I had PM'd him with a fixed 'quoted' copy of the post, but maybe I should've 'quoted' in the original thread instead & requested the 'merge' (but NOT change the 'post owner')  ?!?!


----------



## chyyran (Feb 7, 2011)

Sometimes, you a thread that you no longer want to be the ts for, or a guide, or an essentials topic that's no longer updated, or you have one of those that you no longer want to update. Wouldn't it be awesome if someone could take over for you, similar to how tempbot takes over USN threads? You could pass it on to someone with interest in maintaining the thread. You would send a reqeust and if the recipient accepts, he/she now owns the first post of that topic, while credit is given to you for starting the thread at the bottom, this way, useful threads could stay alive long after the original ts leaves gbatemp. Mods can forcibly handover or take over threads when a ts is banned without permission from the ts.
It only works 1 way, to avoid spam, TS/Mod -> other member.  Only mods and the ts can send requests. If you aren't the original ts, you can still send a request for someone to take over a thread. This would just require a small modification of the tempbot script. BTW, this shouldn't be availible in the blogs or a restricted sections.

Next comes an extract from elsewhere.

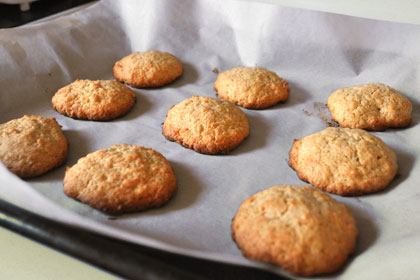 Easy Coconut Cookies photo instruction 5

Also sticky submit, basically like submitting threads to be front paged in the USN, but instead, submitting the thread to be stickied, this way, useful threads in the not so popular sections (such as the iDevice and mobile phone section) can be stickies withhout too much hassle for the mods.


----------



## tj_cool (Feb 12, 2011)

Posts can be merged keeping the first author as well. Normally when merging, the post will contain the text from both posts, though we can manually edit that out of course.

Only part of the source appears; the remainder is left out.